In compressed sensing, it is considered that if the signal can be sparsely represented by the transformation matrix of the domain transformation, it means that the signal is sparse in this transform domain, and it can be transformed from a high-dimensional space to a low-dimensional space by a measurement matrix independent of the transformation matrix. Then, by solving an optimization problem, the original signal can be reconstructed from these projections with a high probability, which can be expressed as

$$y = {\Phi }x$$
(10)

where \({\Phi }\) is the measurement matrix, \(x\) is the signal. However, \(x\) is usually not sparse and needs to be represented sparsely with a sparse basis

$$x = \Psi \theta$$
(11)

\({\Psi }\) is the transformation matrix, then the function (10) can be written as

$$y = \Phi \Psi \theta$$
(12)

where the combination of \(\Phi\) and \(\Psi\) can form the sensor matrix in compressed sensing.

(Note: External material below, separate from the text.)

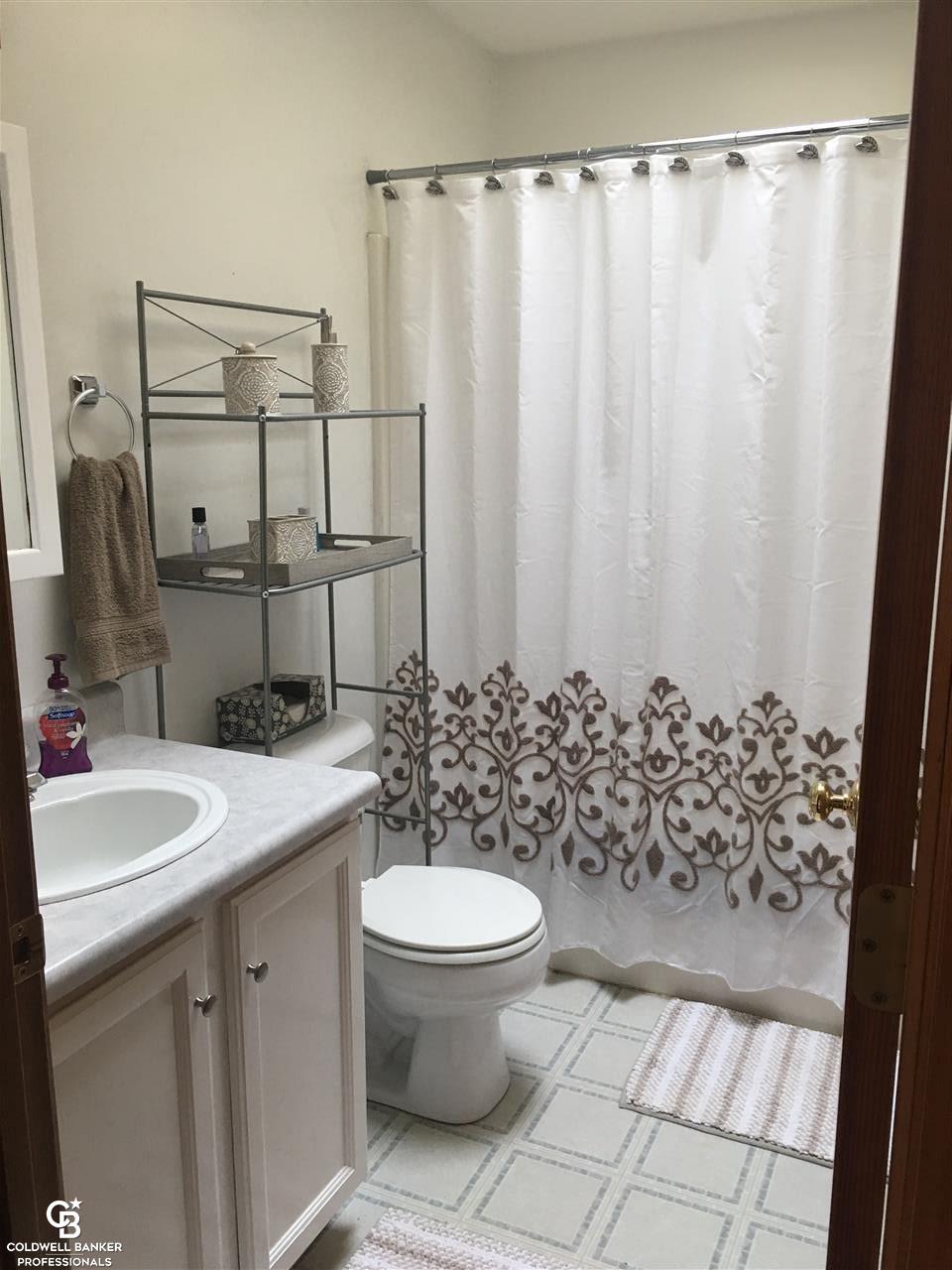 534 West Galbraith Line Road Melvin, MI 48454 - Photo 12 of 16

It can be concluded from the above that there are two conditions for compressed sensing, which are also the conditions for constructing domain transformation:

  1. (1)

    Sparsity. When the signal is sparse or approximately sparse, it can perform compressed sensing and restore the signal with fewer measured value.

  2. (2)

    Incoherence. To ensure convergence, the measurement matrix should satisfy Restricted Isometry Property (RIP)28, that is, for any strictly k-sparse vector C, the following functional constraints should be satisfied.

    $$1 - \varepsilon \le \frac{{\left| {\left| {{\Phi c}} \right|} \right|_{2} }}{{\left| {\left| {\text{c}} \right|} \right|_{2} }} \le 1 + \varepsilon ,\varepsilon > 0$$
    (13)

Baraniuk proved that the equivalent condition of RIP is that the measurement matrix and the sparse matrix should be independent29. And Candès and Tao proved that the independent and identically distributed Gaussian random measurement matrix can be a universal measurement matrix.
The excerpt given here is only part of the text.